# Known issues with PK5001z from CenturyLink



## pauseleplague (Dec 20, 2012)

Greets,

The Zyxel PK5001z has a few known bugs that CenturyLink has a few work arounds for until a firmware update is released. I will post updates as it becomes available.

*Wireless Issues*

1. _Auto Detect Channel_: Specific issue seems to affect Apple Products, but may affect other devices as well. While using the Auto Detect channel (Channel 1) Some devices may connect and others do not. This can be fixed by changing the wireless channel on the modem to another channel.

2. _Windows XP_: On some OEM configurations of Windows XP, while connecting using WPA security code may cause the computer to show the BSOD screen and cause the computer to crash, requiring a hard restart of the computer. The fix is to instead use WEP security or none at all.

*Random disconnects of applications

*This seems to be iffy at the moment, but users who are commonly Work-at-home agents who employ the use of company Intranet tools and applications such as Citrix may for no reason, loose connectivity at random intervals. *Users DO NOT lose DSL light or Internet Light on modem.*

*NOTE: *If you are completely loosing your DSL (off or RED) and/or Internet Light (off or RED), this is because of a line issue or you are not set up correctly.
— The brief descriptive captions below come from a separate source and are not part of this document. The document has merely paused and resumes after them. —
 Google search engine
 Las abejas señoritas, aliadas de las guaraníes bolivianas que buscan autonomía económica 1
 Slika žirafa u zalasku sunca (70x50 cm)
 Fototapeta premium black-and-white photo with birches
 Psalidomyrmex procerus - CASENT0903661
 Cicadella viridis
The ISP will assist you if you call them and proceed to Troubleshoot as normal to correct your line issue.


----------



## pauseleplague (Dec 20, 2012)

_*A firmware update has been released to correct most issues.*_

1. Login to modem by typing 192.168.0.1 in your browser.

2. Select Utilities.

3. Select Firmware Upgrade.

4. Select download and save the new update file to your computer.

5. Click Browse and select the file in the directory where you downloaded it to.

6. Click Update Firmware at the bottom.

*NOTE:* Under no circumstances do you turn off your modem while it is updating. Otherwise you will brick your modem. The download will finish on its own and then restart itself.


----------